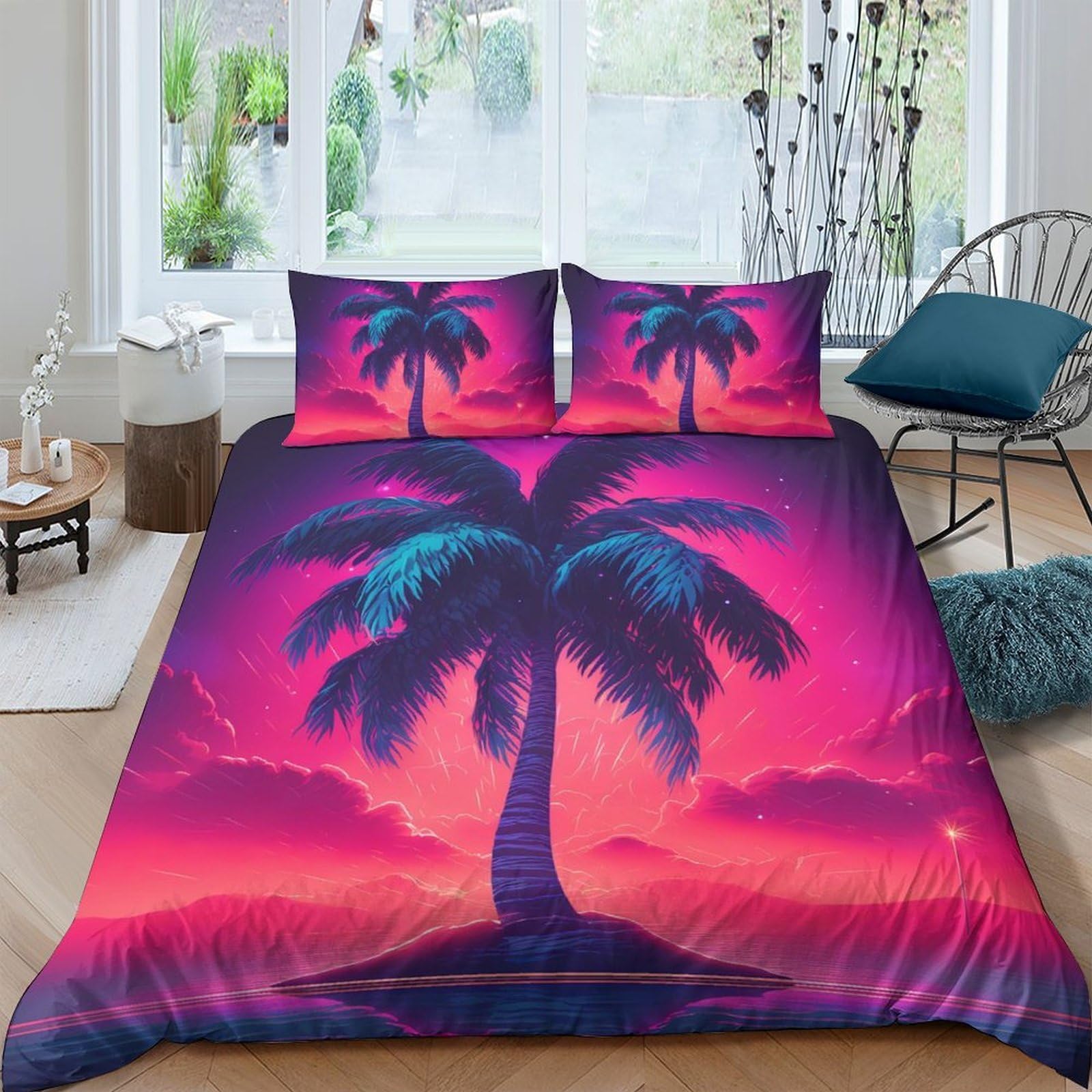 Ctjqhvkz Style-5 3D Printed Sunset Palm Fitted Sheet Microfiber Soft Pink Blue Tropical Beach Mattress Cover For Bedroom Dorm Decor Single（135X200cm）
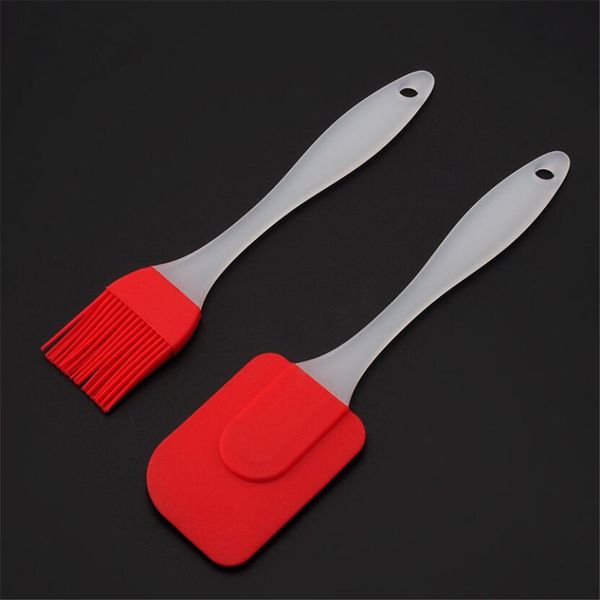 2PC / 1PC Rouge en silicone spatule Brusque Brosse de cuisson Ustensile outils d'outils résistants à la chaleur Bbq condiments Brussages Gake Cream Brack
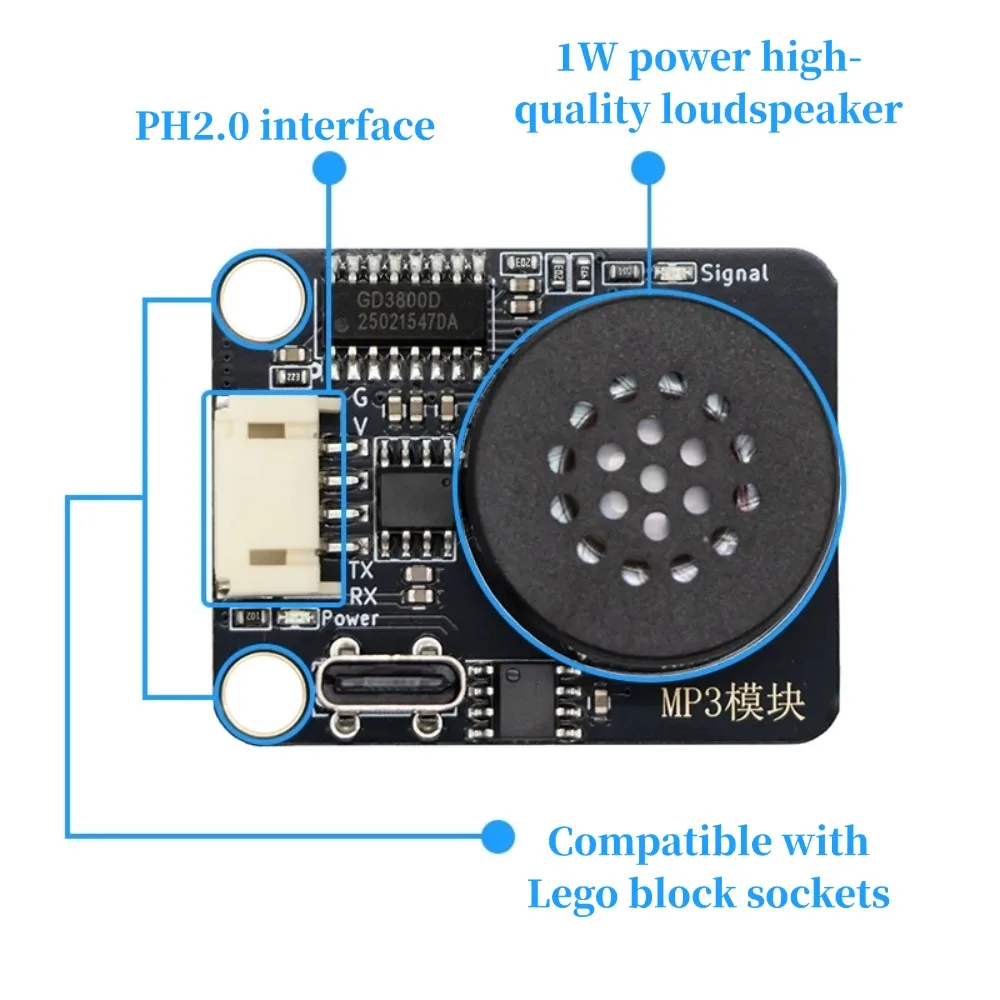 USB-C MP3 Voice Music Player Module 8M Internal Flash Lego Block Enclosure for Arduino ESP32 MICROBIT Raspberry Pi Smart Robot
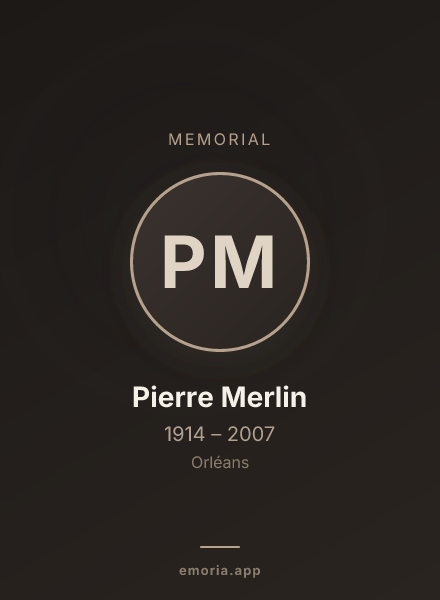 Memorial portrait of Pierre Merlin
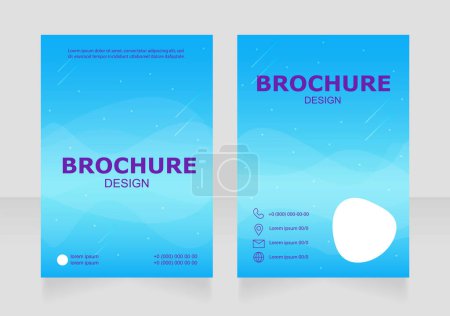 Illustration for Vacation destination for space fans blank brochure design. Template set with copy space for text. Premade corporate reports collection. Editable 2 paper pages. Arial Black, Regular fonts used - Royalty Free Image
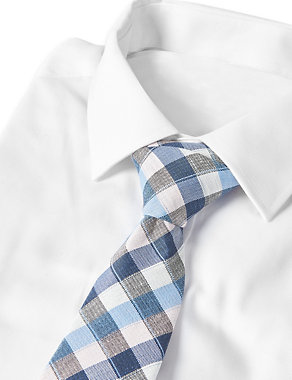 Silk & Linen Blend Checked Tie Image 2 of 3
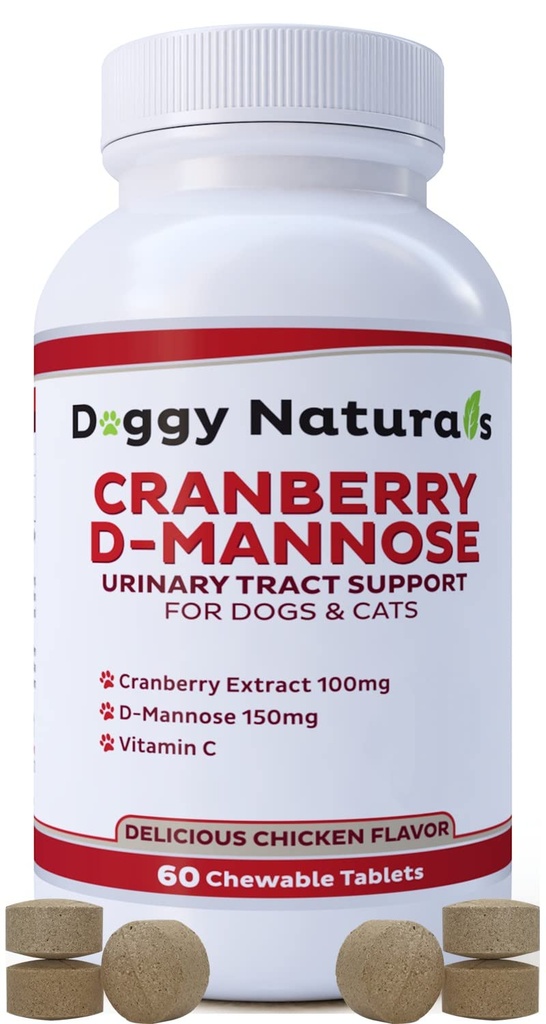 Köpek ve Kediler için Cranberry D-Mannose Urinary Tract Enfeksiyon Destek Önlemeleri ve Eliminates UTI, Bladder Enfeksiyon Kidney Desteği, Antioksi (Single Strength Tablet, 60 Count)
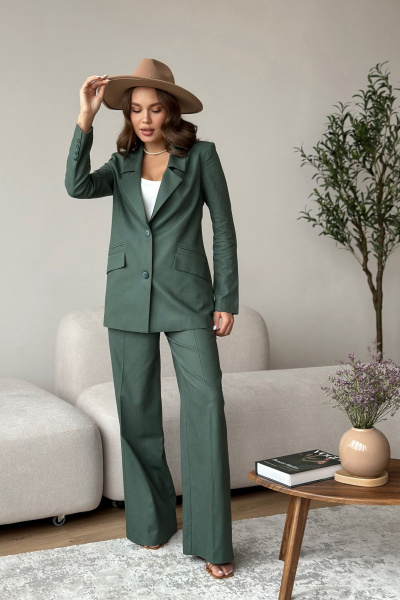 Жакет и брюки палаццо из льна и текстиля Dilana VIP 1992 хвойный - фото 10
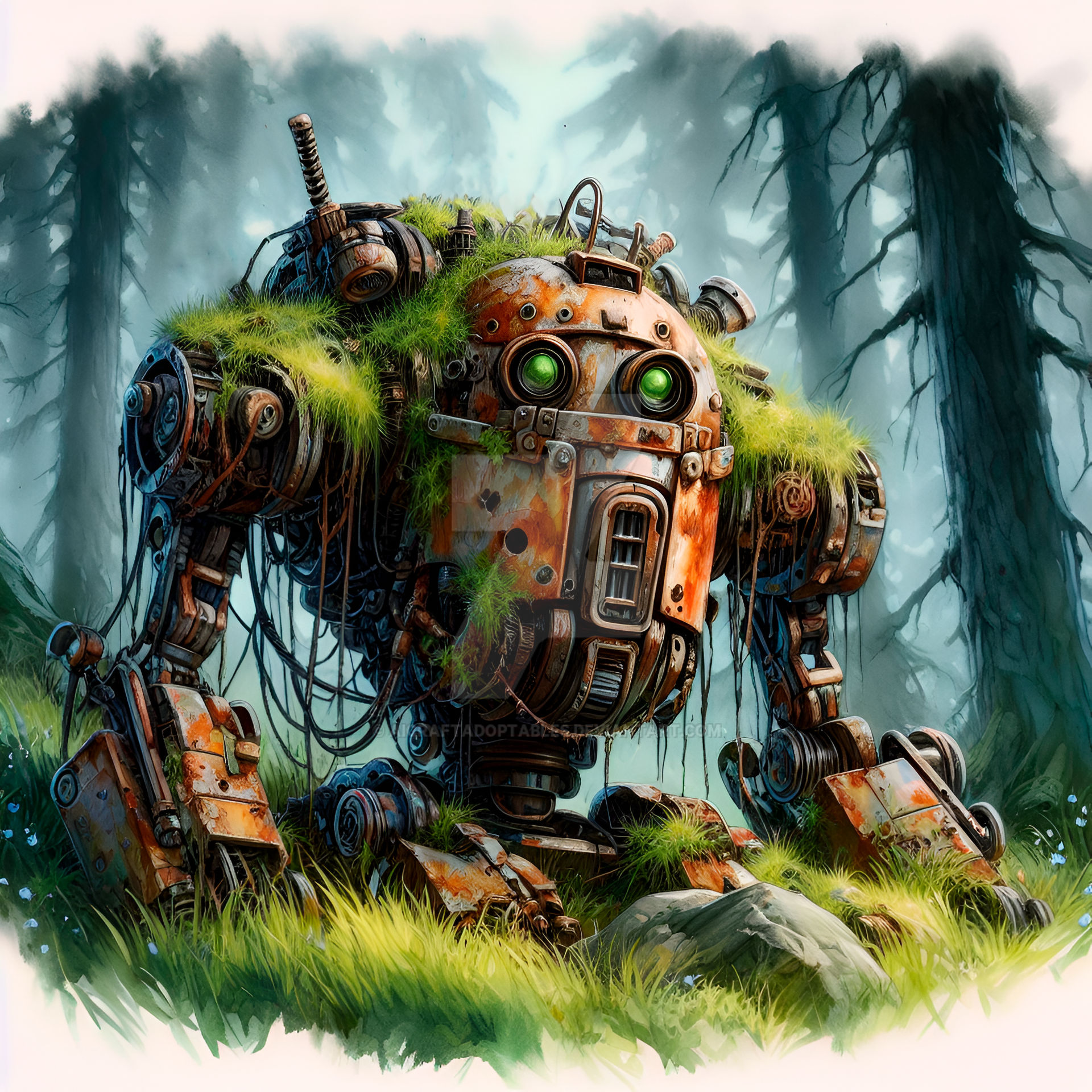 Rusded Rusted Robot Art 4$ by AICraftAdoptables on DeviantArt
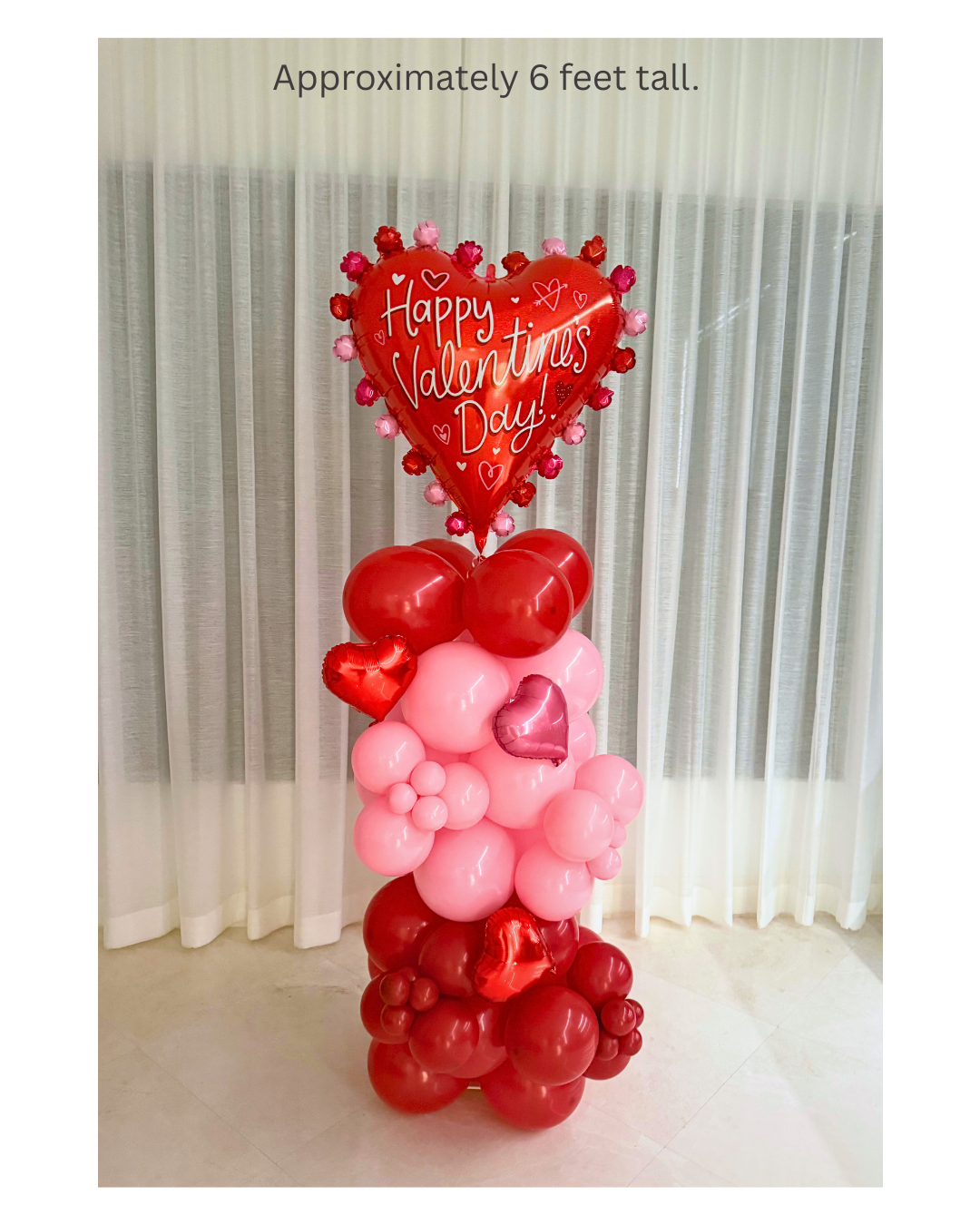 Endless Love Balloon Tower - 6ft Tall with Helium Centerpiece - Image 2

ASSIGNMENT: When you reach the line containing "Memorial portrait of Pierre Merlin" in the records above, write out that line and every line after it through the end, exactly, but omit the pictures.

ANSWER SECTION:
 Memorial portrait of Pierre Merlin
 Illustration for Vacation destination for space fans blank brochure design. Template set with copy space for text. Premade corporate reports collection. Editable 2 paper pages. Arial Black, Regular fonts used - Royalty Free Image
 Silk & Linen Blend Checked Tie Image 2 of 3
 Köpek ve Kediler için Cranberry D-Mannose Urinary Tract Enfeksiyon Destek Önlemeleri ve Eliminates UTI, Bladder Enfeksiyon Kidney Desteği, Antioksi (Single Strength Tablet, 60 Count)
 Жакет и брюки палаццо из льна и текстиля Dilana VIP 1992 хвойный - фото 10
 Rusded Rusted Robot Art 4$ by AICraftAdoptables on DeviantArt
 Endless Love Balloon Tower - 6ft Tall with Helium Centerpiece - Image 2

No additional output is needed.